Winter blackmouth are the result of Washington’s impressive chinook salmon hatchery production, as noted above, entering their third and fourth year of life. They will become sexually mature in the next few months, when we then refer to them as king salmon, bound for the salmon hatcheries of their origin at the end of the summer, primarily in late September and October. During these early fall months, they will make babies for future generations of chinook salmon. Thank you very much.

Turning back the pages of time, I was introduced to winter blackmouth salmon fishing in the late 70’s by my mentor, Frank Haw and some of his Top Gun salmon fishing colleagues at the Washington Department of Fisheries. Mooching for blackmouth was the game back then, which was a wonderful introduction to understand blackmouth fishing techniques, such as the feel of the bite, then reeling down and driving a single hook into the jaw of a feisty winter blackmouth. We free drifted the currents back then, from 80 to 120 feet of water between Sekiu and the mouth of the Hoko River, trying to find schools of herring in the water column, working our plug-cut small herring from the surface to the bottom. Ninety percent of the time, that light tapping of a chinook salmon, which had come to our baits, happened while free spooling and dropping toward the deck. Uh-oh, customer! Reel down fast! As fast as you can until the line got tight with the chinook…..game on.

Frank planned those trips, usually in mid to late February as the winter blackmouth were arriving in the western Strait of Juan de Fuca. It was a blast and I learned significant skills on my way to becoming a better blackmouth angler.

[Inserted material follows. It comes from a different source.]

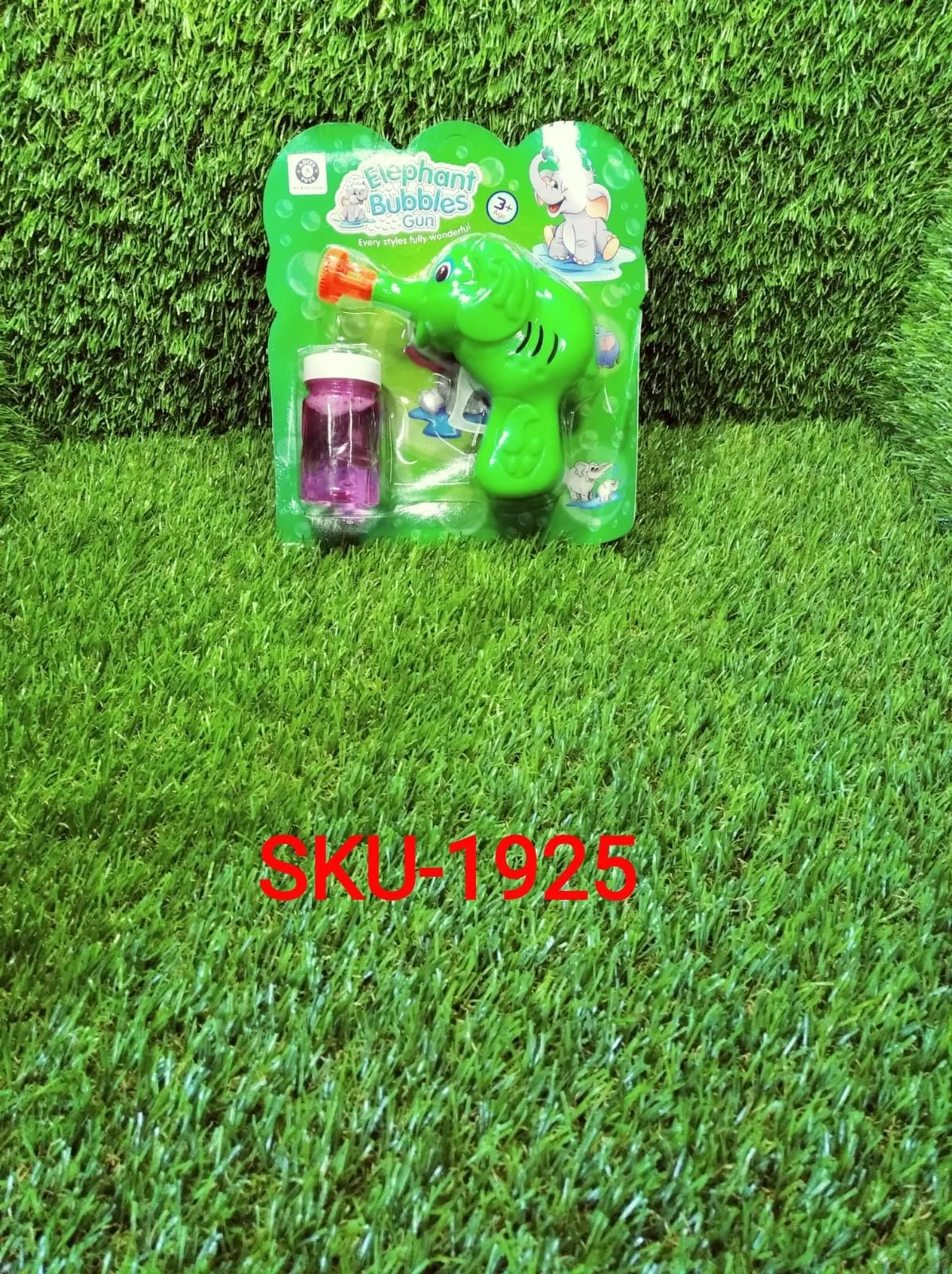 1925 elephant bubble gun for kids  /  kids toys bubble gun Toy Bubble Maker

The fish were uniformly in the seven to 12 pound category as they are today, some 35 years later.

Unlike those salmon fishing glory years, you can hear a pin drop in Sekiu today, as this isolated rural community struggles to stay alive. In the evolution of winter blackmouth fishing, most anglers have discovered great fishing, much closer to home. With that said, however, the blackmouth still live at Sekiu from mid-February through early April (opensFeb. 16 and closes April 10). You want quality blackmouth fishing? Trailer your boat and make a trip to Sekiu during this timeframe and you’ll have the fishery to yourself.

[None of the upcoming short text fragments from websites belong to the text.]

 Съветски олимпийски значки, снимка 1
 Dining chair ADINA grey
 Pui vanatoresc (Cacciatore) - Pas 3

I did exactly that, last March with fishing buddy Dan Tatum from Discovery Bay. I think we went through three props on his outboard in two days as the result of vicious attacks by blackmouth! Okay, not quite that level of smoking hot fishing, but catching our limits of blackmouth up to 14 pounds in a half hour is more accurate. Yep, Dan and I are going back.

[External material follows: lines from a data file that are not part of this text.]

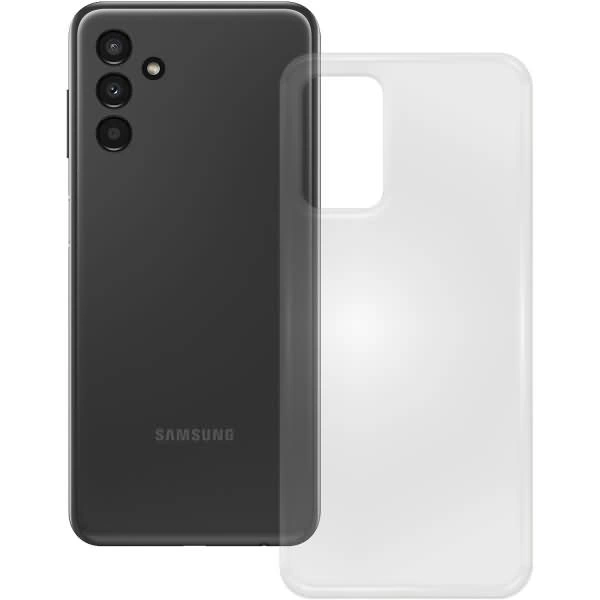 PEDEA Soft TPU Case für Samsung Galaxy A05s, transparent PEDEA Soft TPU Case für Samsung Galaxy A05s, transparent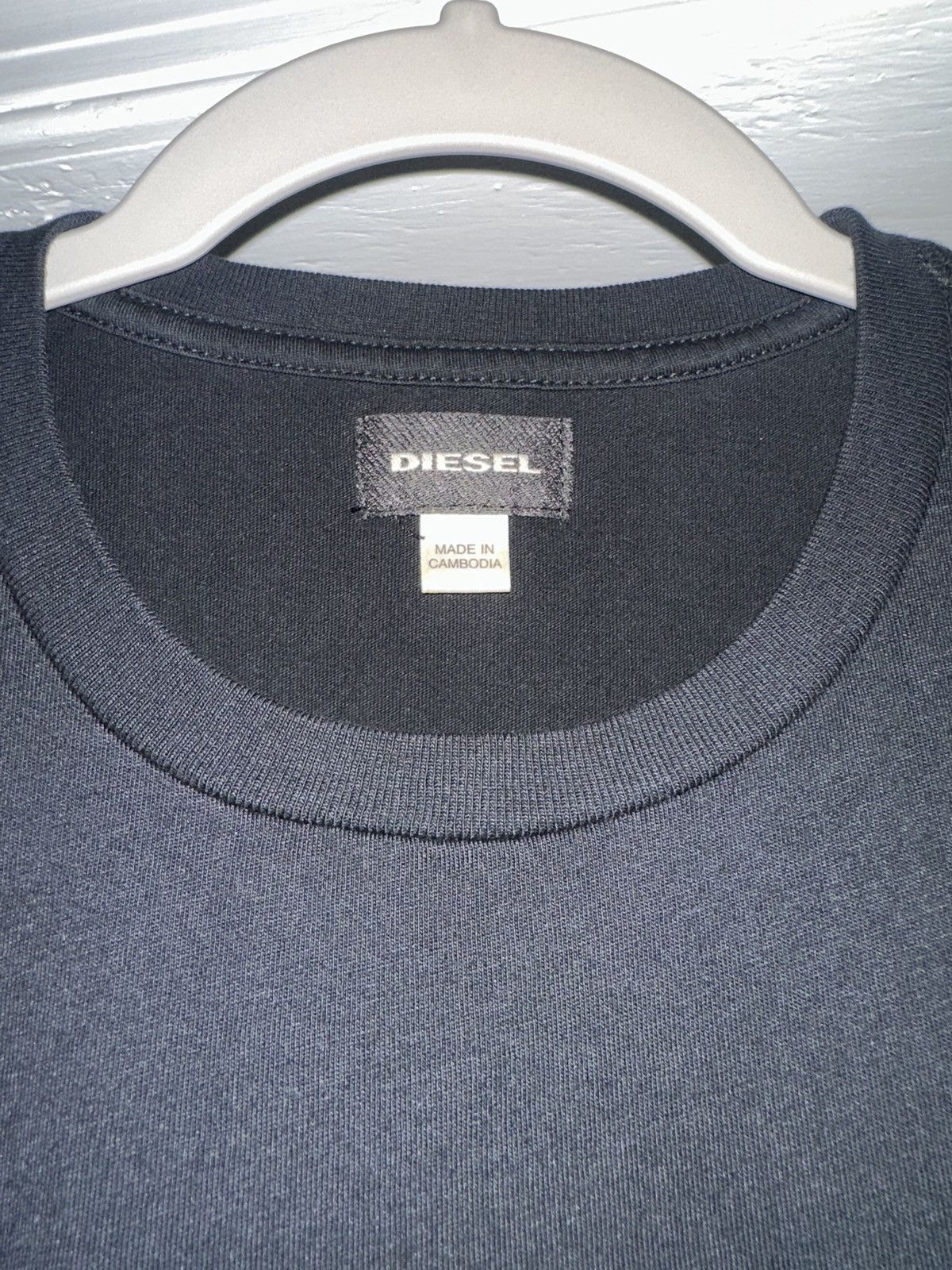 Diesel Diesel Industry Graphic T-Shirt Size US M / EU 48-50 / 2 - 4 Thumbnail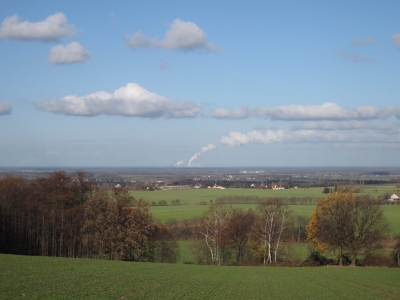 Kraftwerk Boxberg - die "Wolkenfabrik"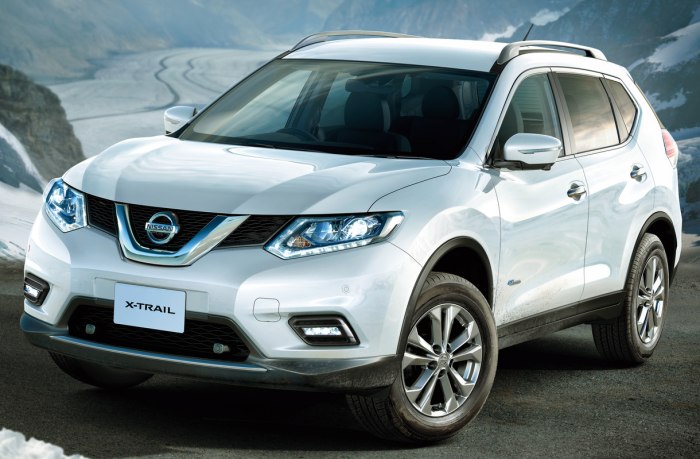 Nissan x Trail t32 Hybrid
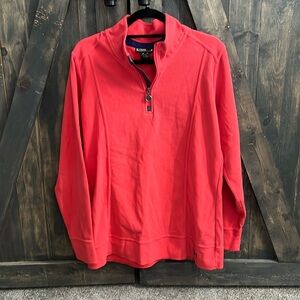 Pink Quarter Zip Under Armour Sweater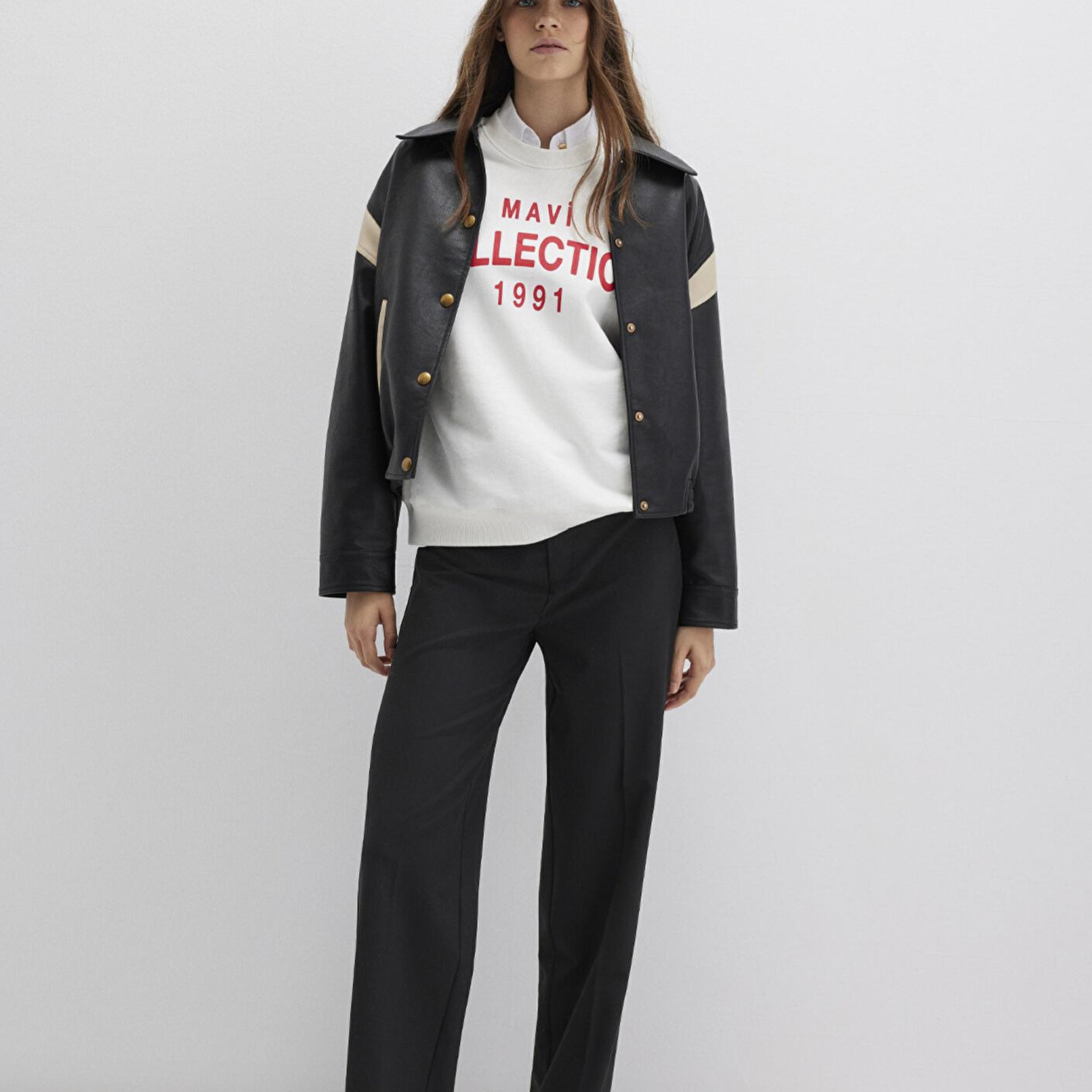 Mavi Siyah Pantolon 1011028-900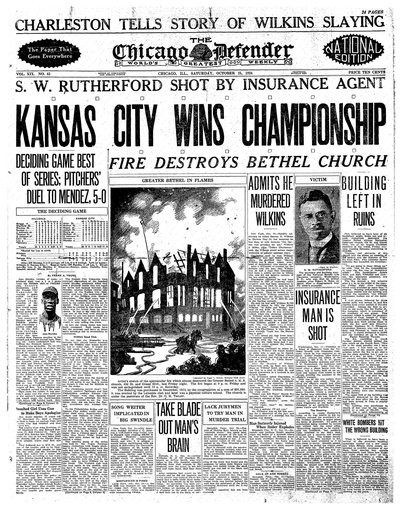 Chicago Defender, Oct 25, 1924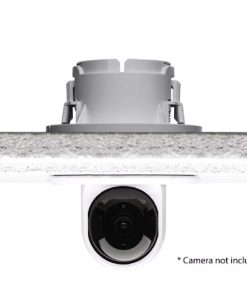 Alternative view of Ubiquiti UniFi Protect G3 & G5 Flex Ceiling Mount 3 Pack | UVC-G3-F-C-3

As my addiction to winter blackmouth fishing became full blown crisis in the 80’s, thanks to Frank, I met Mike Schmidt from Sequim, who wore a badge for the Department of Fisheries when not fishing. Although Mike rarely put the heat on another angler, violating the fishing rules when we were fishing together, we did handcuff countless limits of winter blackmouth, fishing the banks in the eastern Strait. My oh my, did Mike ever take me over the edge!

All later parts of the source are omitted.